Over a third of Australian employers believe that offering staff flexible work arrangements is the best way stop them searching out alternative employment, according to figures released by Employsure.

The firm found that employers found that work-life balance ranks highest for staff retention, overshadowing pay rises and training.

Edward Mallett headshotEdward Mallett, Managing Director of Employsure, said: “Our research clearly shows that staff often need to organise working hours around family commitments and they appreciate the opportunity to do so.
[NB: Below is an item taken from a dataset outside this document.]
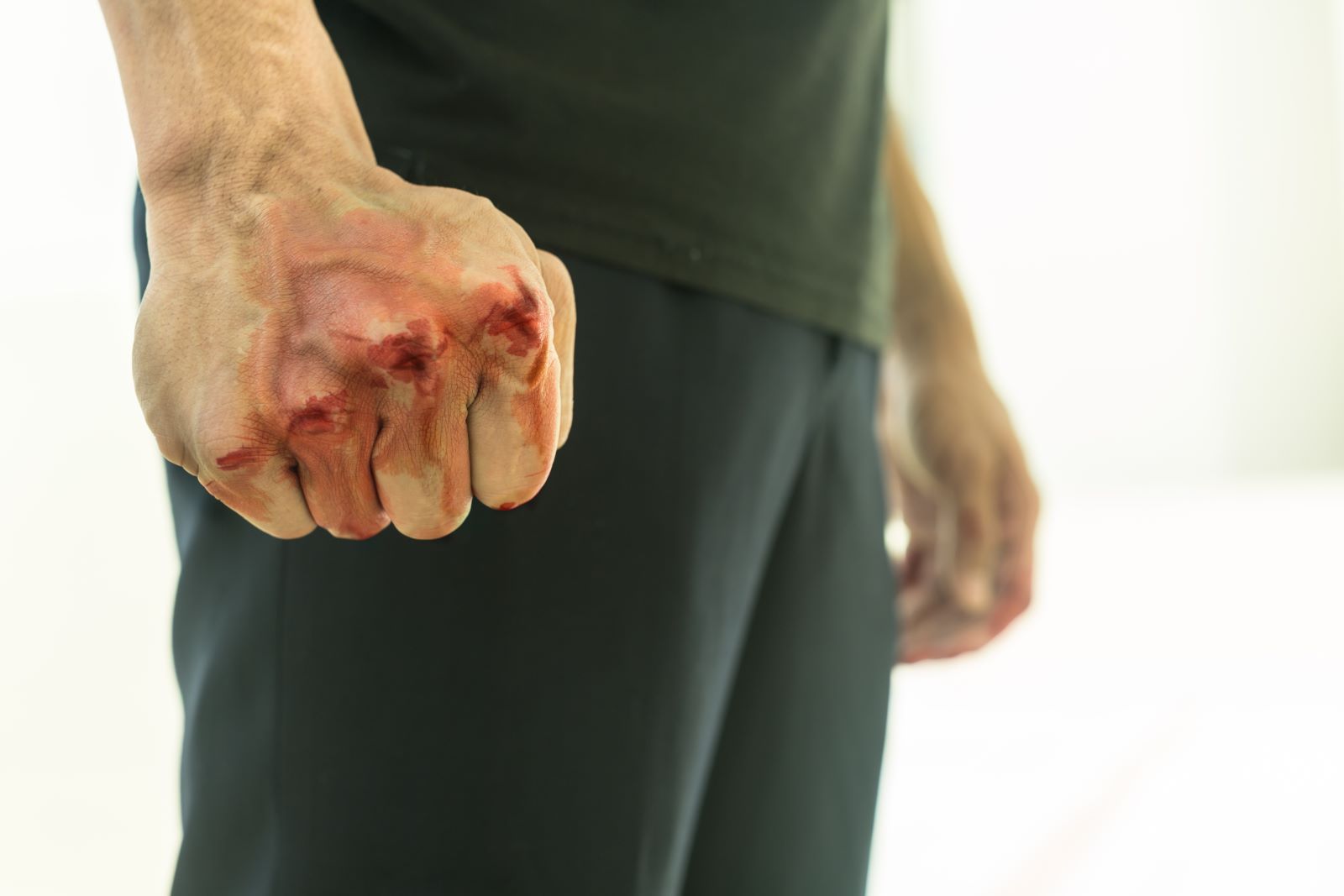 Kansas City MO Assault Defense Lawyer | Experienced Legal Defense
This is seen as more compelling for staff retention than remuneration, training, and often costly enticements such as staff events.”

The survey polled 461 small to medium businesses and the findings put staff retention in the spotlight at a time when, according to recent statistics from consultancy firm Accenture, one in five employed Australians are looking for a new role at any given time.
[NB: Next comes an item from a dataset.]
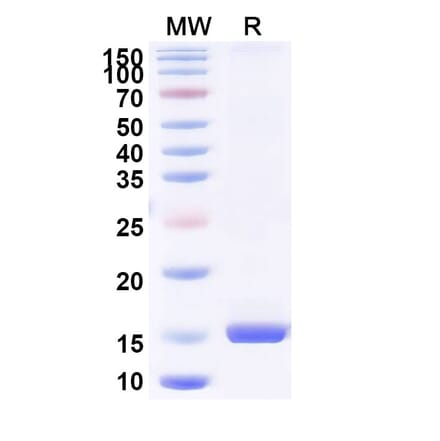 SDS-PAGE - Anti-Bax Nanobody [SAA1222] (A337941) - Antibodies.com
Keeping staff happy should be a focus for SMEs, Mr Mallett said, as replacing people is costly and time-consuming. “Costs can add up with recruitment advertising, and there’s so much time invested to hire and train new employees. If it’s a sudden departure, other staff need to step in for their colleague, compromising their own workload.
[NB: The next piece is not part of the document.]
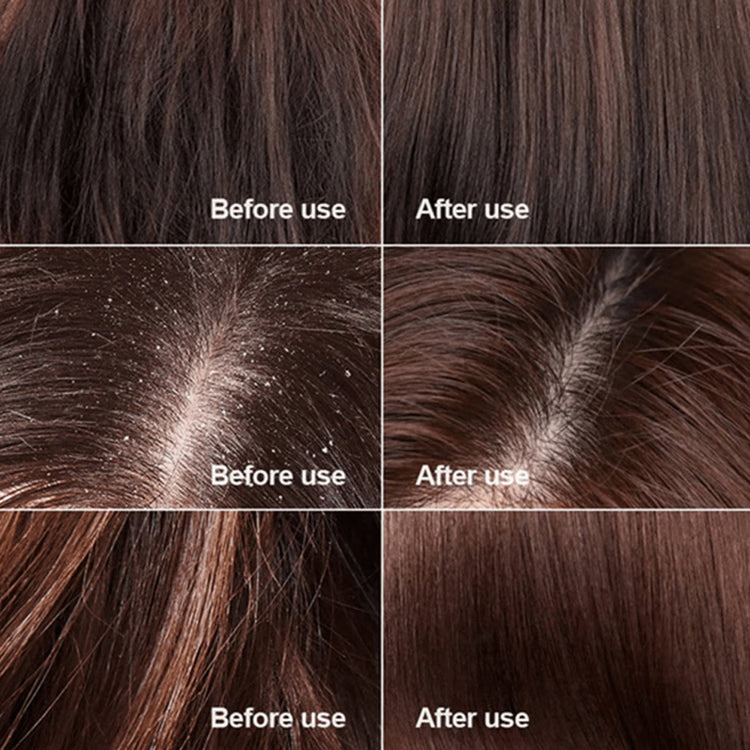 Instant Hair Regrowth Centella Scrub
“Considering our new research, employers should approach requests for flexible working arrangements with an open mind. Addressing this real-world issue will help managers retain staff and make their workplace more desirable to new recruits.”

Mr Mallet cited recently published research by recruiter Robert Walters that found four in 10 professionals turn down jobs that fail to offer flexible working arrangements.

Managing flexible working requests
“This is not simply a management issue,” Mr Mallett said. “There is a serious side to the picture. Permanent employees are entitled to apply for flexible working arrangements if they have been with the company for 12 months and: are the parent or primary carer for school-aged or younger children; are a carer; have a disability; are 55 or older; are experiencing family or domestic violence or they provide care or support to someone in their household or immediate family who are victims of family or domestic violence.

“Their requests can only be denied if there are reasonable business grounds to support this decision. For example, the cost to the company, the impact on other staff or any equipment needed to fulfil the task away from the workplace, and so on.”

For those employees who are not officially entitled to flexible work arrangements, businesses still have to comply with current legislation that prevents discrimination against employees because of certain characteristics such as race, religion and marital status.

This means employers should consider the reason for any request for flexible working hours carefully and ensure they treat all employees equally and fairly.